LATEST UPDATES:
The New York Times now has a brief piece, in which they report that estimates on the toll "ranged from 30 to more than 400 deaths." Meanwhile Bloomberg is citing Shehu Sani, president of Nigeria's Civil Rights Congress, who puts the death toll at "more than 400".
[Original Post]:
As discussed previously in this blog, religious violence has been a pervasive feature of Nigerian society for decades.
The BBC is now reporting that human rights groups in Nigeria say that at least 200 people have died in a new outbreak of violence between Christians and Muslims in the city of Jos. Another report states that "136 bodies have been counted", while yet another source places the death toll at nearly 500.
Little or nothing is known about what sparked this latest violence in Jos, which has been the scene of similar large-scale bloodshed in that past.
As has also been discussed recently in this blog, this ongoing religious violence in Nigeria raises serious questions about the legitimacy of the December 2009 Pew Forum report on "Global Restriction on Religion". A major feature of that report was supposed to have been an objective assessment of religious "social hostilities" in different countries.

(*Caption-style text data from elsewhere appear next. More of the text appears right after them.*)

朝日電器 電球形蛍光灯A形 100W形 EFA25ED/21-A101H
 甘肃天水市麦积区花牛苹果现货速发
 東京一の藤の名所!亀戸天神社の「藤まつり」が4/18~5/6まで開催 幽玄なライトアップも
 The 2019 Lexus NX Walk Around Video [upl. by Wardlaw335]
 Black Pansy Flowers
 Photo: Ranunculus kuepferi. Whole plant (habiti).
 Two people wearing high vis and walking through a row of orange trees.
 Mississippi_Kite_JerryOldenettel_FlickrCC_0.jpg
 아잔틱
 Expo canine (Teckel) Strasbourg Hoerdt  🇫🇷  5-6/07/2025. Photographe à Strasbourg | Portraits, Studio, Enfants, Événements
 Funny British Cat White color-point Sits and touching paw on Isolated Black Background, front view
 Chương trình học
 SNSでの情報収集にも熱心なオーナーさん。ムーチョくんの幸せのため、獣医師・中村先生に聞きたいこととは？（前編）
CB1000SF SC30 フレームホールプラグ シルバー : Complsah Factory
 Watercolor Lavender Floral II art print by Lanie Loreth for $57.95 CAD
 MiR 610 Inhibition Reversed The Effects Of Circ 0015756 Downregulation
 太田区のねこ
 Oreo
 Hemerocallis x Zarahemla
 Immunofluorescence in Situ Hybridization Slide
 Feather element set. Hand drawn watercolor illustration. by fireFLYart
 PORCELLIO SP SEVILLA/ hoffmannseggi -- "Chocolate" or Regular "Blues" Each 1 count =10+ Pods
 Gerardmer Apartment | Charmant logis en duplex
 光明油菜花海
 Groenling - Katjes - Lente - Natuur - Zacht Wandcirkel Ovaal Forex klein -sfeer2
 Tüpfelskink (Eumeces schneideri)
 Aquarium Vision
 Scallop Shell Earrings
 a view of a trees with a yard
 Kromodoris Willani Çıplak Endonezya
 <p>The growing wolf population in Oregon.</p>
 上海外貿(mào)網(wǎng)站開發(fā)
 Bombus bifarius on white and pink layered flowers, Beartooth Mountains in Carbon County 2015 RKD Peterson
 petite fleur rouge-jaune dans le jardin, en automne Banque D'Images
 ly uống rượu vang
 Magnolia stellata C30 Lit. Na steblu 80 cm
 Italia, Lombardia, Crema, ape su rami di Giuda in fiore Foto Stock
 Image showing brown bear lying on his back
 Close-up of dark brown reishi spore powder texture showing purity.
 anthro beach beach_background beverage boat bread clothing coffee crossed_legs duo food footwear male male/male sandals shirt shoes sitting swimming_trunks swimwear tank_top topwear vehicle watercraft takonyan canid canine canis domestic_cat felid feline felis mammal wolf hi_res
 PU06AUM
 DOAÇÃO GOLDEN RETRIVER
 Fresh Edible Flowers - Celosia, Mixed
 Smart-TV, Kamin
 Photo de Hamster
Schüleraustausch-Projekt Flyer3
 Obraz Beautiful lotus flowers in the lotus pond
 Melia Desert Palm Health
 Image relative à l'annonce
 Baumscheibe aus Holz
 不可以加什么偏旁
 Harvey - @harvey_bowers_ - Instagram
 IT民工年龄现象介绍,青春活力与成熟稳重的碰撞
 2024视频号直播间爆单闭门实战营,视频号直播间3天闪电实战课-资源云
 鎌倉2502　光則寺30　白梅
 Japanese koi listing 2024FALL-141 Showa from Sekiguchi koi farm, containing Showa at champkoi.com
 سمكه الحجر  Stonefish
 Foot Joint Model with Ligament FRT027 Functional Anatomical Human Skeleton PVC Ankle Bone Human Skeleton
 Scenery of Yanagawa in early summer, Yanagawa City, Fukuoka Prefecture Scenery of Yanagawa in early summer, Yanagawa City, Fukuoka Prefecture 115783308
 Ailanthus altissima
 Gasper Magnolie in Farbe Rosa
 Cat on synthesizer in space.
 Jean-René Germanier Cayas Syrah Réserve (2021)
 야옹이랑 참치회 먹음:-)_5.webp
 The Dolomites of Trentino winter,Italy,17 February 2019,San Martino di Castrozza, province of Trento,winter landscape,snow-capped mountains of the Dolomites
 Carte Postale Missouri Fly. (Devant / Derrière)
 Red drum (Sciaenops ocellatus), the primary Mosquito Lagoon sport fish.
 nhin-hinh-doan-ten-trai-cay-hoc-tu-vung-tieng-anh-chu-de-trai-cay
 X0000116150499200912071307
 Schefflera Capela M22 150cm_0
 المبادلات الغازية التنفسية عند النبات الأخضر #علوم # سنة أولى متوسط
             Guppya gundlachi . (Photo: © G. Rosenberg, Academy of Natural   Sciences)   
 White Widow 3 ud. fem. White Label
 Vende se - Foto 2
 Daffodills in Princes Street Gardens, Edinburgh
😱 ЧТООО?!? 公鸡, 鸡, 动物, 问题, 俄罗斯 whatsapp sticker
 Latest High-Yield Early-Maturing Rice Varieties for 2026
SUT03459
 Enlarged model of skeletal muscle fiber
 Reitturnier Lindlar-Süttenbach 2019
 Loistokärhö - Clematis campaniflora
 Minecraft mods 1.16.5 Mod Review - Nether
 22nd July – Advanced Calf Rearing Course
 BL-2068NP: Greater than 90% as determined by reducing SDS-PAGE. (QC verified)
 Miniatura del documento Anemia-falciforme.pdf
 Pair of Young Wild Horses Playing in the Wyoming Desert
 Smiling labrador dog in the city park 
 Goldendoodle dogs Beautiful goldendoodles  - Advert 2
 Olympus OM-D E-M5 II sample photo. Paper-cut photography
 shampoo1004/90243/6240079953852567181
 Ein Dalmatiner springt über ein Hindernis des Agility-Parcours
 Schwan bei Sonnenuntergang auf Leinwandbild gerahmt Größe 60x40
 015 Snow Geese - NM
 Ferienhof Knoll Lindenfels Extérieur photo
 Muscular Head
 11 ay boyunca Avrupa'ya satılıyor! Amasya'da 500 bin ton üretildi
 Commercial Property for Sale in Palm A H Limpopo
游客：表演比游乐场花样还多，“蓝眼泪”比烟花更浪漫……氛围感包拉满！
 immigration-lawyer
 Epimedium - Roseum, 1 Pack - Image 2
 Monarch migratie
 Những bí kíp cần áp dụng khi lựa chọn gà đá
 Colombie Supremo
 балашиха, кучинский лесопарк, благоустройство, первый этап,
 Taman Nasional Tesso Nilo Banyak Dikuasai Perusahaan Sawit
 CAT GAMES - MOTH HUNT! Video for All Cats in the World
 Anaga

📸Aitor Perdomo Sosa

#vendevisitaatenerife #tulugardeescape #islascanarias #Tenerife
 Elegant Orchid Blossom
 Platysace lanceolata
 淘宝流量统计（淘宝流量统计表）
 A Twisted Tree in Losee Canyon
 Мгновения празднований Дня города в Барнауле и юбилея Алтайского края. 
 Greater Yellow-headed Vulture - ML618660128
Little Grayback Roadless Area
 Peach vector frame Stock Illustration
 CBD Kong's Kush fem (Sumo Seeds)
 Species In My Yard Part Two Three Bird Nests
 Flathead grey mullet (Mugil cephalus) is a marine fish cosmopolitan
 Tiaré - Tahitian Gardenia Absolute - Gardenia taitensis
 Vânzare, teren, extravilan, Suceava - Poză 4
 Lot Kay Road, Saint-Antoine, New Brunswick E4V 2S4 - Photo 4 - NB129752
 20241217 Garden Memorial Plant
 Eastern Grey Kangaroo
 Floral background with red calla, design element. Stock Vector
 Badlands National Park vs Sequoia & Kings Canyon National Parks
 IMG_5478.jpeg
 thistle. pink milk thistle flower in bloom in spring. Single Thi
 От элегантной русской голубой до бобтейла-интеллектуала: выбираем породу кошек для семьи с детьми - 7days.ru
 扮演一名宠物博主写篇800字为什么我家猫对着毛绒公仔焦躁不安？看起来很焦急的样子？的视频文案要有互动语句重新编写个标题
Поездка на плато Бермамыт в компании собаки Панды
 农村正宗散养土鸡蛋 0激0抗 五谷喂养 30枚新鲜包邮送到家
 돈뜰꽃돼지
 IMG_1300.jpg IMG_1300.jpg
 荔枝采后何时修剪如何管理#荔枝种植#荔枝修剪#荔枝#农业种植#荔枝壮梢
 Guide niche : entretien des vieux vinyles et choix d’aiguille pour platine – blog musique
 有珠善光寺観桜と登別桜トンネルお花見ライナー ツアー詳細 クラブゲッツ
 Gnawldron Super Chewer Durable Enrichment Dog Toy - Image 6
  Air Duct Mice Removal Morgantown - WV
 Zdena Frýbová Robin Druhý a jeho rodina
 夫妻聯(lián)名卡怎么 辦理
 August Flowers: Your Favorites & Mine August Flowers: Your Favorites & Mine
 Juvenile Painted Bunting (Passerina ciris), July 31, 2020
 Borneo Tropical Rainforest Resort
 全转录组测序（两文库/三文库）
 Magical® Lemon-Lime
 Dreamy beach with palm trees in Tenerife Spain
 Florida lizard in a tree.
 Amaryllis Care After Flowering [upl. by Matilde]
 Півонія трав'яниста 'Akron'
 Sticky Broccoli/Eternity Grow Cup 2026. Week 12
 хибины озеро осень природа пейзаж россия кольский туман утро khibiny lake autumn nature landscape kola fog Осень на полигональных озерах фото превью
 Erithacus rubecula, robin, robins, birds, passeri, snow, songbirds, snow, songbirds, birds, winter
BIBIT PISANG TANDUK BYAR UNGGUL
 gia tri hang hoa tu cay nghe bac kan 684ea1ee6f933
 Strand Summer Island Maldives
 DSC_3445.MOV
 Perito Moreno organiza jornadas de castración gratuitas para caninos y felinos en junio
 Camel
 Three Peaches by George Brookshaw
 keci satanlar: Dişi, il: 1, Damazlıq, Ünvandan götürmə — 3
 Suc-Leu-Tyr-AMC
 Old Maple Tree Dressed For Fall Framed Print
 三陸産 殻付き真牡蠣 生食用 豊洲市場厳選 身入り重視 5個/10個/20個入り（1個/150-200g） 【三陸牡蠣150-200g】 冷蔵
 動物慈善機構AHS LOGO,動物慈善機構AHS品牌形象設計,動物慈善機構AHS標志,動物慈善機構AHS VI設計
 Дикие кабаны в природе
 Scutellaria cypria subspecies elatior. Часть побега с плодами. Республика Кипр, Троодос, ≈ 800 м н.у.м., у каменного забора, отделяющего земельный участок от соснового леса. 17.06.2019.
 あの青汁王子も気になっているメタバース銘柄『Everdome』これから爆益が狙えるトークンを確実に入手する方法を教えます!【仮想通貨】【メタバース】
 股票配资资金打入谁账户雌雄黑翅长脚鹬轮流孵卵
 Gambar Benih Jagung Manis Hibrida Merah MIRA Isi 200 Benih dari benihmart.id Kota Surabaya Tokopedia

The whole point of Pew's so-called "social hostilities index" (SHI) was supposed to be that it would shine a light precisely on nations like Nigeria, where the government does not officially restrict religion, but where there are still widespread "acts of violence and intimidation by private individuals, organizations or social groups."
And yet Pew cynically manipulated their use of the SHI in order to present a grotesquely distorted Orwellian version of the state of religious freedom in the world today. Nigeria, a nation where religious violence is endemic, is given a relatively middling score in terms of "social hostilities", whereas India, a nation with an exemplary track records with respect to religious tolerance, is rated as among the very worst places on earth when it comes to "religious restrictions". (While China, a totalitarian state with no pretense of religious freedom whatsoever, gets a pass!)
But perhaps now that a Nigerian Jihadist has come so close to carrying out a terrorist attack aimed at the West, more people will appreciate the fact that the issue of religious freedom is far too important to be cynically used as a club to attack Hinduism with. It's a shame if that is what it takes. The facts have been there all along.